From the above steps, we can see that the Gateway API has a clear division of roles compared to Ingress and that routing rules can be decoupled from the gateway configuration, significantly increasing management flexibility.
The following diagram shows the route flow after it is accessed at the gateway and processed:
Figure 4: Gateway route flow.
From this figure, we can see that the route is bound to the gateway. The route is generally deployed in the same namespace as its backend services. Suppose the route is in a different namespace, and you need to explicitly give the route cross-namespace reference rights in ReferenceGrant, for example. In that case, the following HTTPRoute foo in the foo namespace can refer to the bar namespace bar service in the bar namespace.
kind: HTTPRoute
metadata:
name: foo
namespace: foo
spec:
rules:
- matches:
- path: /bar
forwardTo:
backend:
- name: bar
namespace: bar
---
kind: ReferenceGrant
metadata:
name: bar
namespace: bar
spec:
from:
- group: networking.gateway.k8s.io
kind: HTTPRoute
namespace: foo
to:
- group: ""
kind: Service
Envoy Gateway
Envoy Gateway is the most advanced implementation of the Gateway API, using Envoy Proxy as an API gateway to deliver a simplified deployment model and an API layer aimed at lighter use cases. It was created based on the Envoy proxy’s compliance with the Gateway API, of which Tetrate is a core sponsor. Its expressive, scalable, role-oriented API design through ingress and L4/L7 traffic routing makes it the foundation for vendors to build value-added API gateway products.
Long before Envoy Gateway was released, Envoy was massively adopted as one of the most popular cloud-native proxies, with several Gateway software builds based on Envoy, and the Istio service mesh used it as the default sidecar proxy and configured these distributed proxies via the xDS protocol. Envoy Gateway also uses xDS to configure the Envoy fleet. The following diagram illustrates the architecture of Envoy Gateway.

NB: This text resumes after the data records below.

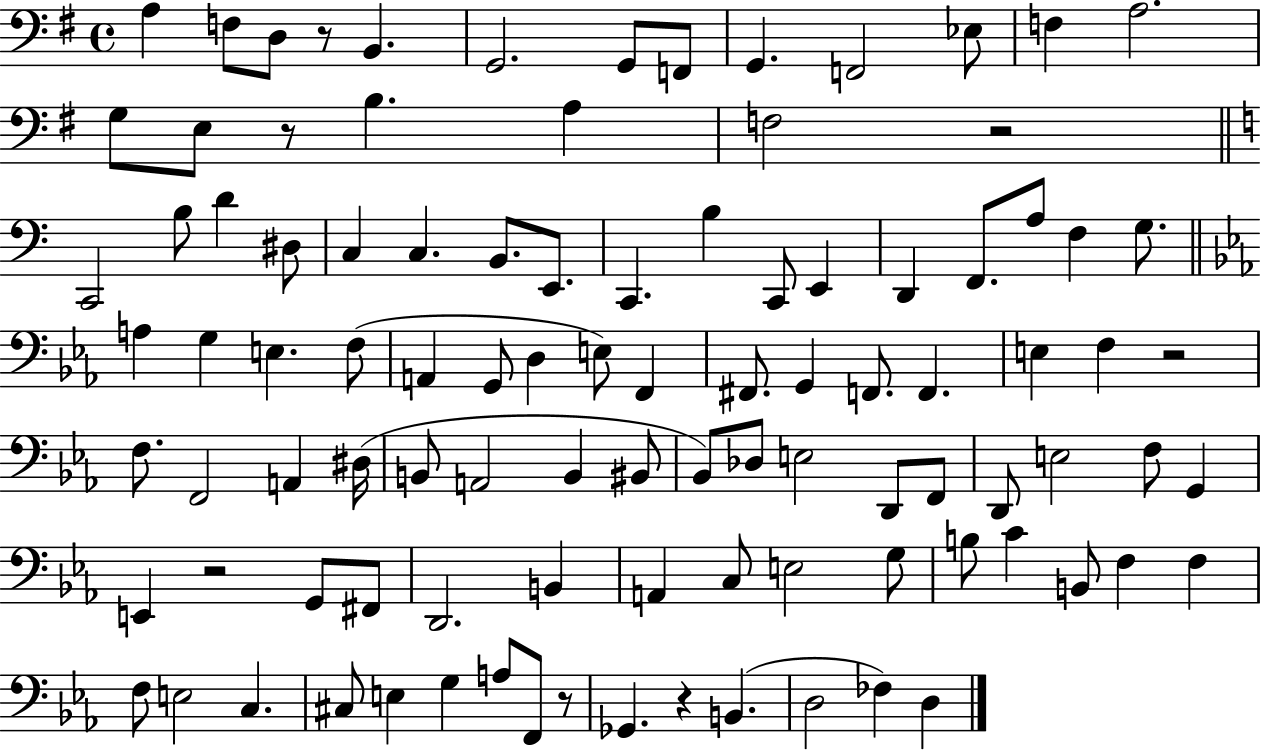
X:1
T:Untitled
M:4/4
L:1/4
K:G
A, F,/2 D,/2 z/2 B,, G,,2 G,,/2 F,,/2 G,, F,,2 _E,/2 F, A,2 G,/2 E,/2 z/2 B, A, F,2 z2 C,,2 B,/2 D ^D,/2 C, C, B,,/2 E,,/2 C,, B, C,,/2 E,, D,, F,,/2 A,/2 F, G,/2 A, G, E, F,/2 A,, G,,/2 D, E,/2 F,, ^F,,/2 G,, F,,/2 F,, E, F, z2 F,/2 F,,2 A,, ^D,/4 B,,/2 A,,2 B,, ^B,,/2 _B,,/2 _D,/2 E,2 D,,/2 F,,/2 D,,/2 E,2 F,/2 G,, E,, z2 G,,/2 ^F,,/2 D,,2 B,, A,, C,/2 E,2 G,/2 B,/2 C B,,/2 F, F, F,/2 E,2 C, ^C,/2 E, G, A,/2 F,,/2 z/2 _G,, z B,, D,2 _F, D,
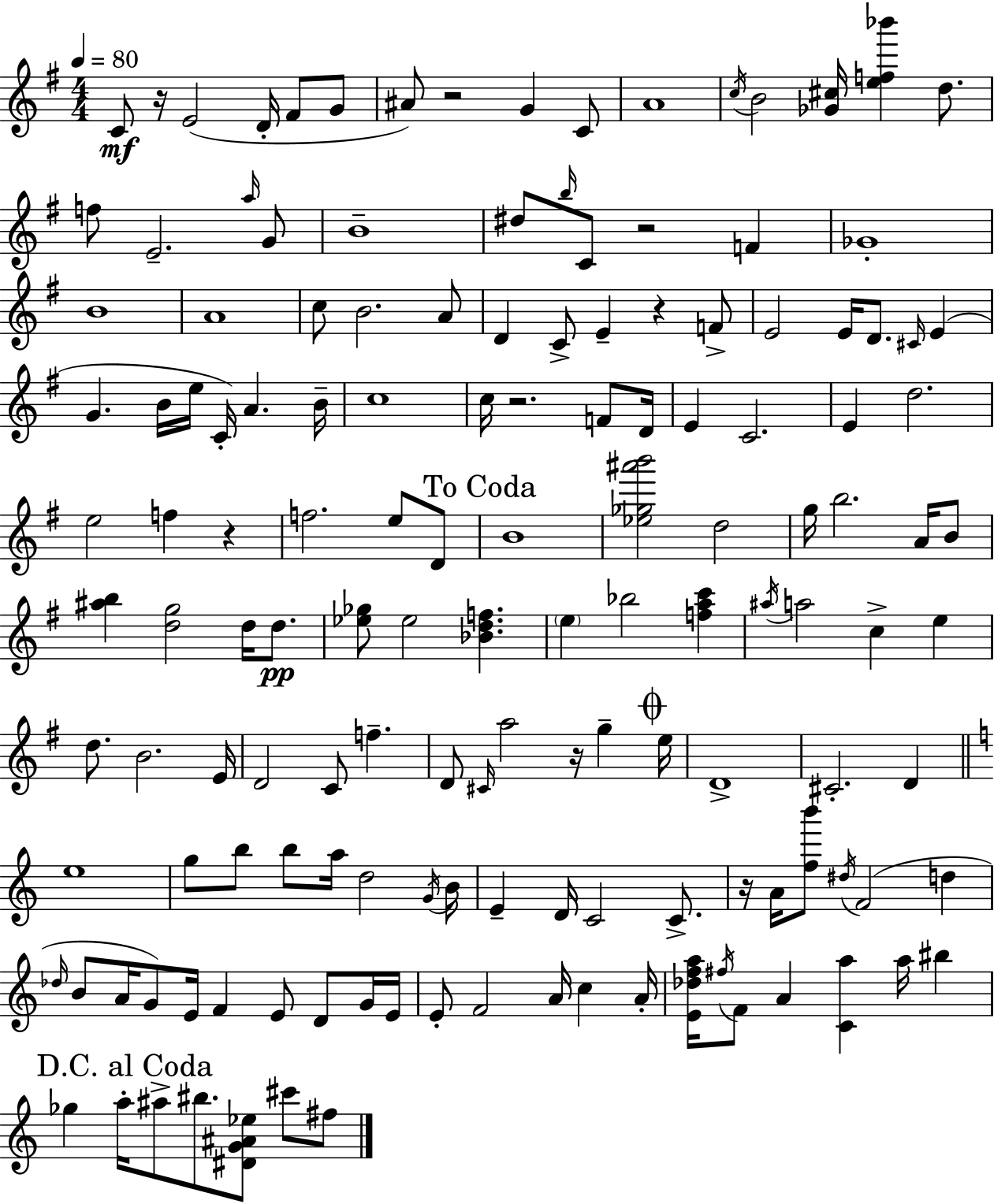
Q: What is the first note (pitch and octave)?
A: C4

Figure 5: Envoy Gateway architecture.
The infrastructure provider will provide you with GatewayGlass. You can create an Envoy Gateway by creating a Gateway declaration. Your routing and policy attachments in the Gateway will be sent to the Envoy fleet via the xDS protocol.

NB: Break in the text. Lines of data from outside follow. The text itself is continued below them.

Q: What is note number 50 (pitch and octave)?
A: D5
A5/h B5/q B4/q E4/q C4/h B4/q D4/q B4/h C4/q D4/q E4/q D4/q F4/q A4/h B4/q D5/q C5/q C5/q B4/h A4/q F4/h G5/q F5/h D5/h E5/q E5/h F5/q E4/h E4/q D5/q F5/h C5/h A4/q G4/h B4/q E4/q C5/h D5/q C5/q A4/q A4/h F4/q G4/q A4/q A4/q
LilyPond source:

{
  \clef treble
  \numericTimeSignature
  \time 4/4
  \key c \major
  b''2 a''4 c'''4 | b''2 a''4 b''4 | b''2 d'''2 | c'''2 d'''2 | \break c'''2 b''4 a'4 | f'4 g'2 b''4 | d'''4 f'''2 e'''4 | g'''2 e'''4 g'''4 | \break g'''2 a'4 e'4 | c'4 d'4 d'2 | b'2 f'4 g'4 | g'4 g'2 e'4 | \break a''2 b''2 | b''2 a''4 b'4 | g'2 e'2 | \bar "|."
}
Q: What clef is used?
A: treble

Get Started with Gateway API Using Envoy Gateway
Getting started with Gateway API and Envoy Gateway is easy. Go to the documentation on the Envoy Gateway project site and follow the instructions in the “quick start” tutorial. Once you have it up and running, you can take it through its paces with the comprehensive set of tutorials on Envoy Gateway’s features in the user documentation.